My tip here is essentially about overcoming writer's block or the fear / illusion of having nothing worthwhile to say. Without doubt, there must be many unrealized yet talented communicators around the world disguised as housewives, office workers, seniors, steel workers, bricklayers, students, parents, school children, managers, professors, politicians, psychiatrists, doctors, and so on.
Everyone, and I mean absolutely everyone has something really worthwhile to teach others! Each of us formed into a human being against incredible odds: yet we are here; we made the journey beating thousands of "others".
We are all living a totally and utterly unique life, filled with tips, techniques and shortcuts that we may simply take for granted, yet which for others, could save money, time or heartache, if they could but only access what we know.
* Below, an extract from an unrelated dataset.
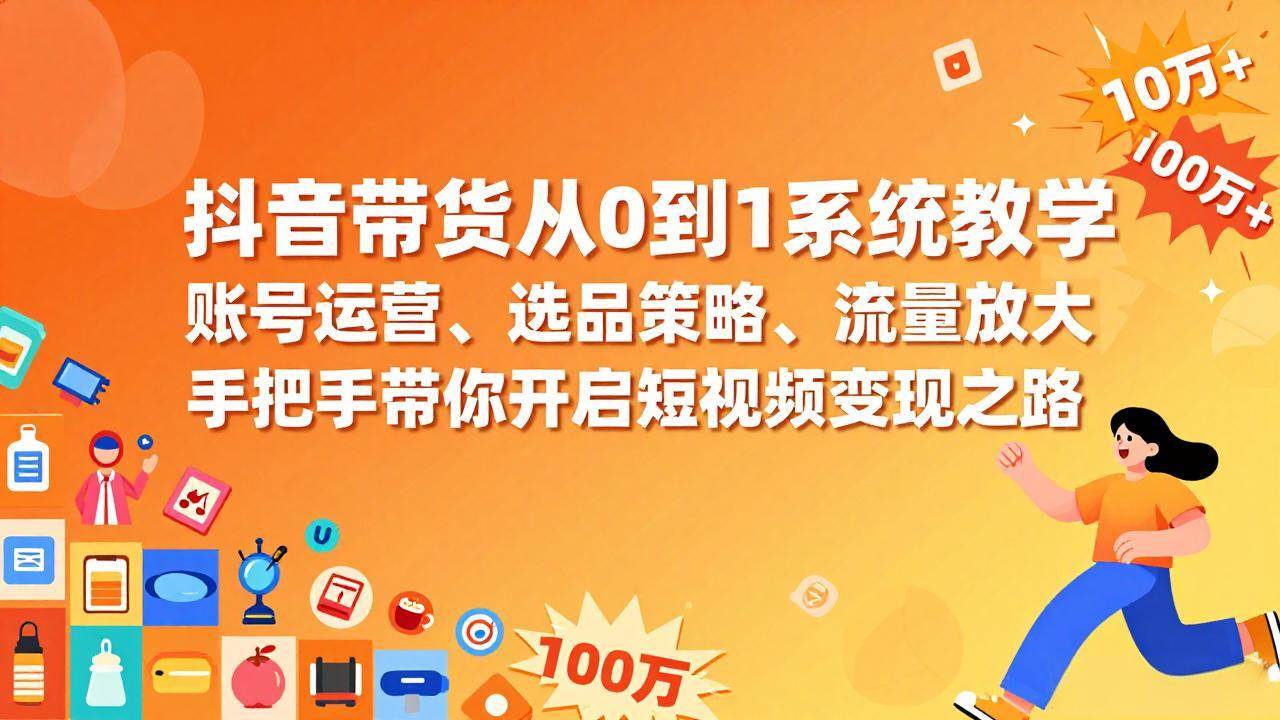 抖音带货从0到1系统教学，账号运营、选品策略、流量放大，手把手带你开启短视频变现之路 – 战狼项目网_分享创业资讯_最新网络项目资源-生财有道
Yet how do we share the gold that lies untapped in our minds, when we simply don't know what to write? Consider the following tips and surprising guidelines to help get you started:
- If you don't know what to write, say it anyway. I know that sounds slightly nonsensical - please stay with me. What I really mean here is don't accept defeat at the first hurdle. Know that most activities become simple with familiarity and practice.
For example, appreciate that the process of walking only three steps is incredibly complex. Yet if our legs work and we learn to walk, over time, the action appears to be so straightforward. In fact, we don't even think about how we walk: we just do walk. Therefore, simply get started writing and don't be too concerned about the first few "swipes."
- If you really, really can't get started then don't try to start at the beginning. Here's a big secret: professional writers often write introductions and start pages later. Why? Writing introduction text can be difficult when what we're introducing has itself not yet been written. We wonder how we can introduce something that does not yet exist.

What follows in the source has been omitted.